S'agissant du moteur du futur avion de combat (NGF), les trois partenaires (Safran, MTU et ITP) ont "établi un cadre sécurisé et solide" qui leur permettra "de prendre des décisions pragmatiques et ciblées, pendant tout le cycle de vie du moteur". (Crédits : Dassault Aviation / Eridia Studio / V. Almansa)
Safran Aircraft Engines, l'allemand MTU Aero Engines et l'espagnol ITP Aero ont finalisé un accord de coopération pour le développement, la production et le soutien communs du moteur du futur avion de combat européen (NGF) dans le cadre du programme SCAF

Pour les moteurs, c'est fait ! Safran Aircraft Engines, l'allemand MTU Aero Engines et l'espagnol ITP Aero ont finalisé un accord de coopération pour le développement, la production et le soutien communs du moteur du futur avion de combat européen (NGF) dans le cadre du programme SCAF (Système de Combat Aérien du Futur). ITP rejoint le programme en tant que partenaire majeur de la nouvelle société commune formée par MTU et Safran Aircraft Engines et baptisée EUMET GmbH (European Military Engine Team). Cet accord assure une répartition à parts égales entre la France, l'Allemagne et l'Espagne. "EUMET sera le seul partenaire contractuel des nations pour toutes les activités liées au moteur du futur avion de combat européen, avec ITP Aero comme partenaire majeur", ont précisé les trois motoristes. Cette société sera basée à Munich et sera dirigée par un directeur général nommé par Safran.
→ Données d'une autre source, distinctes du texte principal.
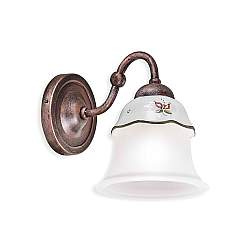 Applique Classica Ferrara Metallo E Ceramica Nero Sfumato Rame 1 Luce E14 Applique Classica Ferrara Metallo E Ceramica Nero Sfumato Rame 1 Luce E14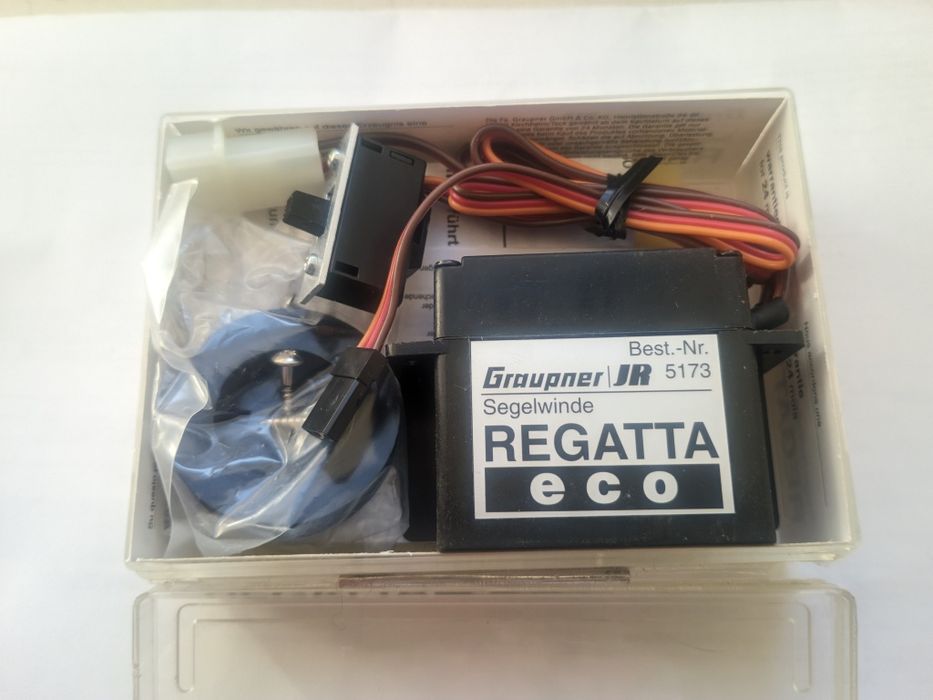 Вітрильна лебідка з сервоприводом Graupner Regatta Eco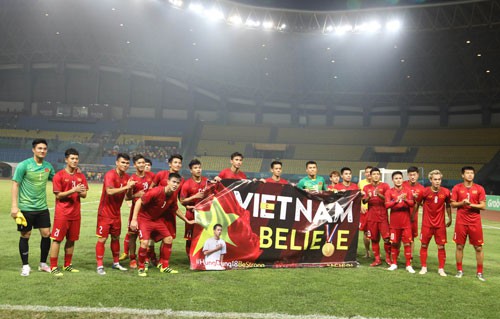 Olympic Việt Nam: Dấu ấn tinh thần tập thể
Après avoir refusé de monter à bord début avril, ITP a finalement rejoint le programme. Le motoriste espagnol, filiale de Rolls Royce, n'adhérait plus aux principes fondateurs, qui ont été à la base de l'accord fin 2019 entre Safran et MTU à savoir le principe du meilleur athlète. Le groupe espagnol s'en était éloigné lors de la négociation avec les deux autres motoristes en souhaitant profiter de ce programme pour monter en compétence. "L'espagnol veut apprendre sur des parties du moteur qu'il ne maîtrise pas", assurait-on à La Tribune. C'était clairement non de la part de Safran et MTU, qui avaient adressé une fin de non-recevoir à ITP. Finalement, il sera pleinement intégré dans la conception du moteur et développera notamment la turbine basse pression et la tuyère. Ce qui était prévu...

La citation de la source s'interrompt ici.